Wednesday, October 29, 2008

Copy Book: from William H. Gass

In Fiction and the Forms of Life:

"For most people, fiction is history; fiction is history without tables, graphs, dates, imports, edicts, evidence, laws; history without hiatus --intelligible, simple, smooth. Fiction is sociology freed of statistics, politics with no real party in the opposition; it's a world where play money buys you cardboard squares of colored country; a world where everyone is obediently psychological, economic, ethnic, geographical --framed in a keyhole and always nude, each figure fashioned from the latest thing in cello-see-through, so we may observe our hero's guts, too, if we choose: ah, they're blue, and squirming like a tickled river. For truth without effort, thought without vigor, feeling without form, existence without commitment: what will you give? for a wind-up world, a toy life? . . . six bits? for a book with a thicker skin? . . . six bucks? I am a man, myself, intemperately mild, and though it seems to me as much deserved as it's desired, I have no wish to steeple quires of paper passion up so many sad unelevating rears."

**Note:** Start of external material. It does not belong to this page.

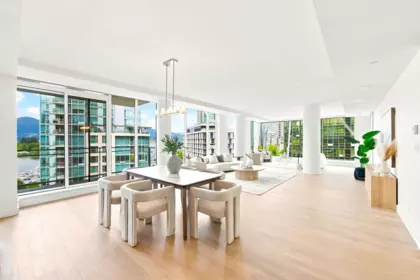 Kitchen Photo of 802 1409 W Pender Street, Vancouver, BC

This is now at the top of my list of Favorite Sentences Ever (the list currently numbers one); it has everything a man could want out of life: squirming guts, tickled rivers, the suggestion of sodomy-by-foreign object, and most important, naked ladies --naked lords too, I guess, but you don't have to look at them. Oh, apparently it's more than one sentence. Favorite Paragraphs Ever? Pff.

I don't know what a quire is, but I don't imagine I want it steepled up my rear any more than I'd want that feat of reaming consummated by a choir. I also had never heard of steepling things up other things, but I can imagine what it feels like.

Heh-heh. A quire is one twentieth of a ream.